= Olivier Pain =

French motorcycle racer

Olivier Pain (born 16 April 1981 in Niort) is a French rally-raid and enduro motorcycle rider, best known for his participation in the Dakar Rally.

==Career==
Pain made his Dakar Rally debut in 2006, when he finished 28th overall riding a Yamaha before improving to 16th in 2007. He failed to finish the event in 2009, but recorded his first top-ten finish in the Dakar in 2010, finishing the event ninth overall, a result which led to him being signed by Yamaha's official team for the following season. In his first Dakar rally as a factory Yamaha rider in 2011, Pain broke his wrist whilst in contention for a podium finish, preventing him from finishing the rally. Pain repeated his ninth-place finish from two years previously in 2012, and secured a best ever finish of sixth the following year having led the overall classification for four stages before a navigational error on the eighth stage of the rally set him back.

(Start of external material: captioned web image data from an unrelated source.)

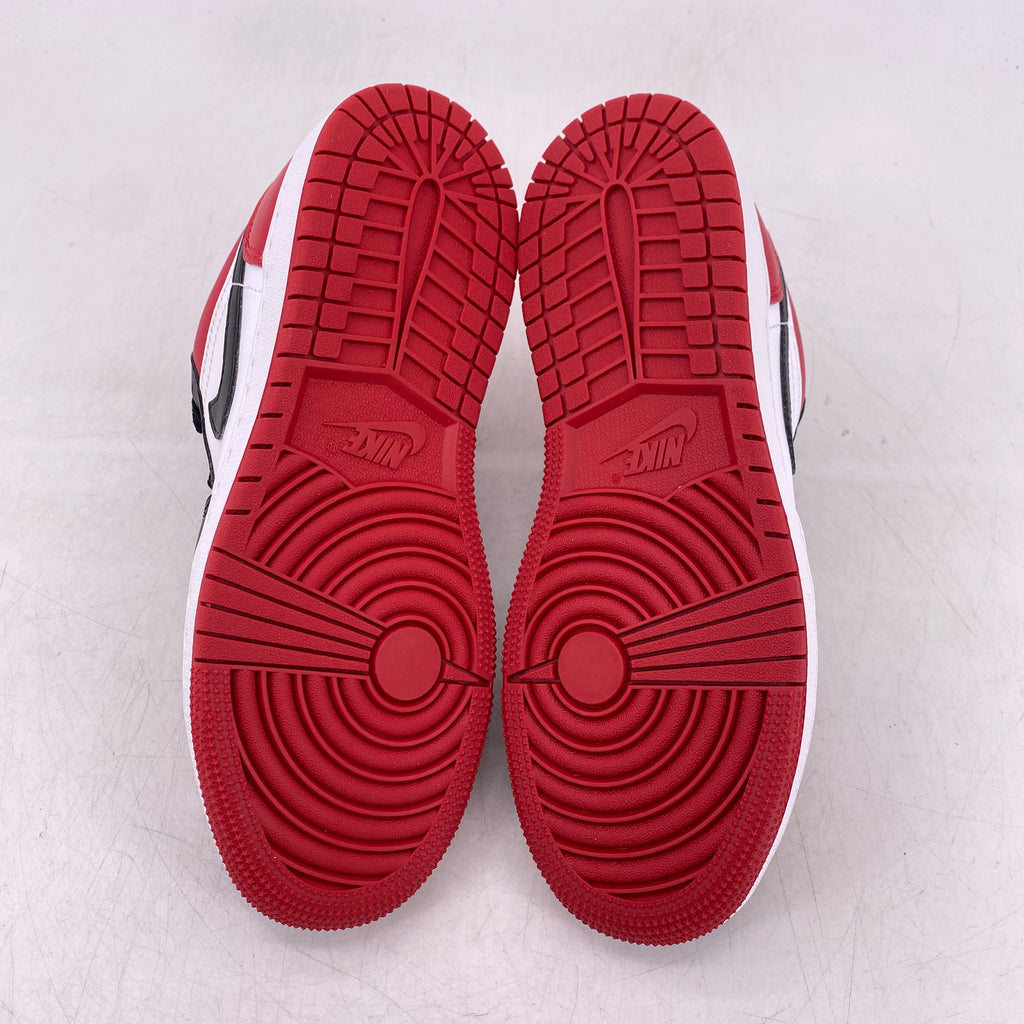 Air Jordan (GS) 1 Low "Bred Toe" 2021 New Size 4Y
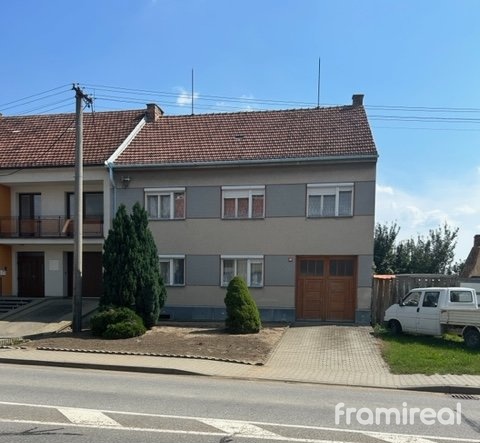 Prodej rodinného domu 5+2, pozemek 298m² - Velké Němčice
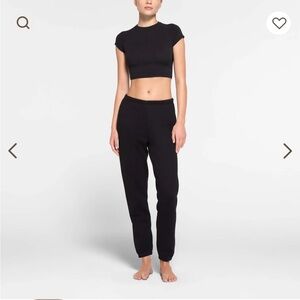 NWT SKIMS New Vintage Cropped Raglan t shirt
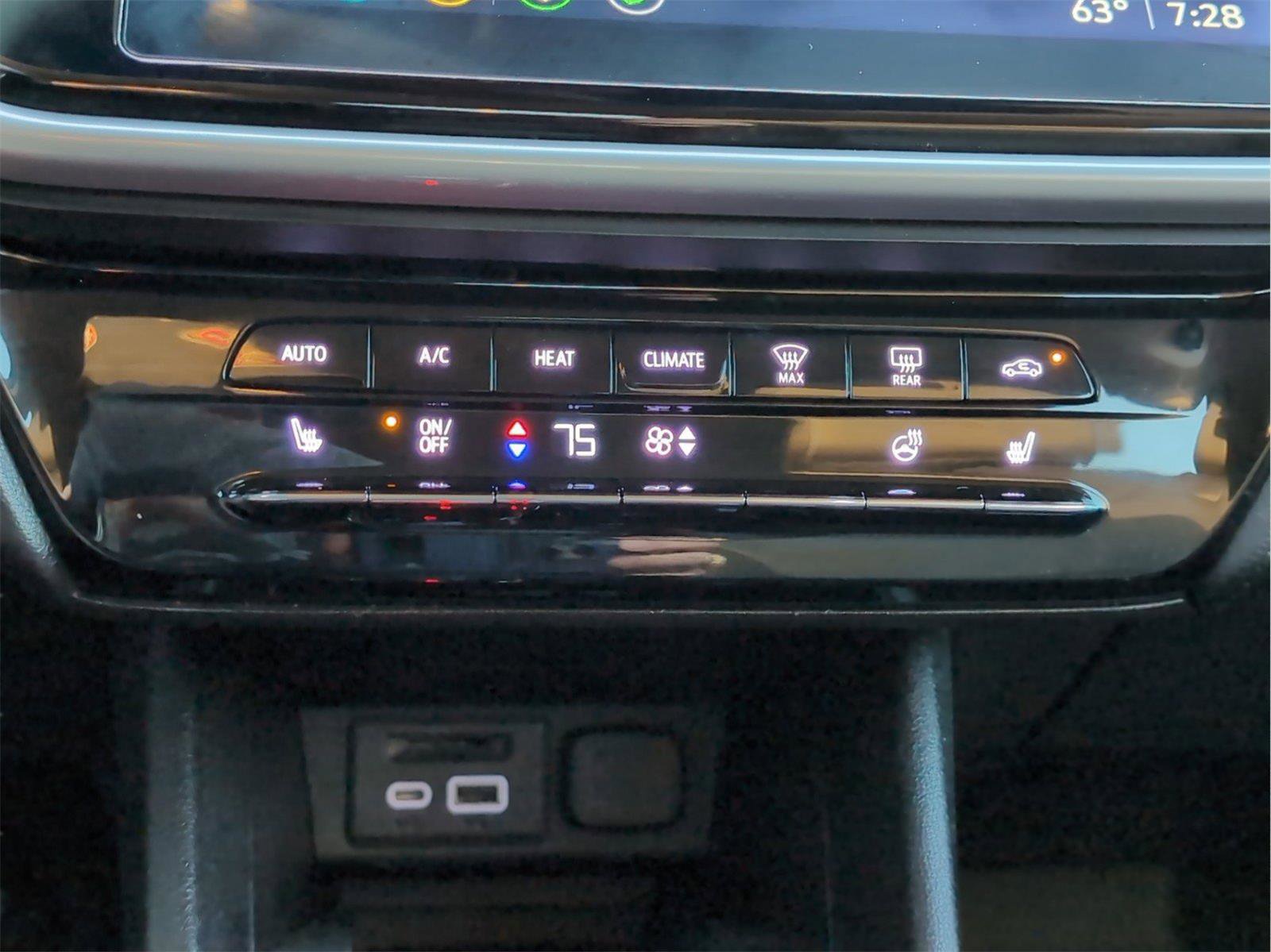 Used 2022 Chevrolet Bolt LT w/ Infotainment Package image 22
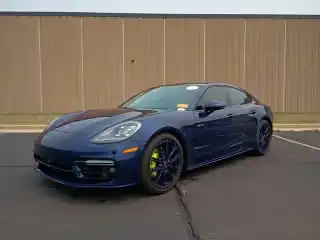 2023 Porsche Panamera 4 E-Hybrid Platinum Edition's photo
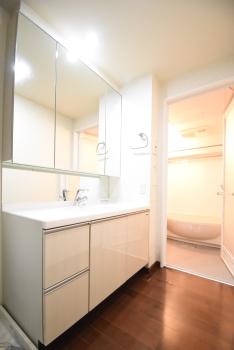 三面鏡付洗面化粧台は、二人並んでも支度がしやすいワイドタイプ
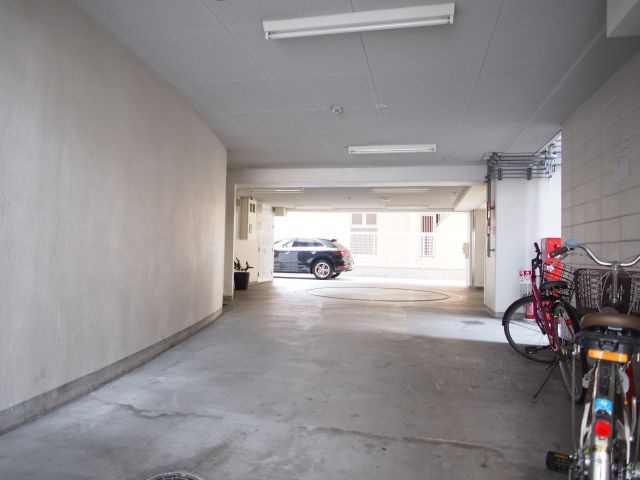 サムティ難波グレイスの駐車場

After his tenth Dakar in 2016, Olivier Pain took a year off. For the 2018 Dakar, the 40th edition of the rally, he competed again, this time in the "Original" or "privateer" category, not directly supported by a manufacturer or team, and doing all maintenance on his motorcycle himself. In a translated interview on the official Dakar Rally web site, he said, "I have always admired the Dakar drivers without assistance. For me, it's a way to approach the race differently, to find the sensations of a first Dakar! I believe to be the first Elite driver to participate in motorcycle trunk after experiencing the comfort of an official structure. My passion for the rally is intact, I want to enjoy this 40th edition without the pressure of the ranking and reconnect with the origins of this event. I feel like a beginner ... "

Outside of the Dakar Rally, Pain has also won the Rally of Tunisia in 2008 and the 450cc category of the world rally-raid cup in 2009.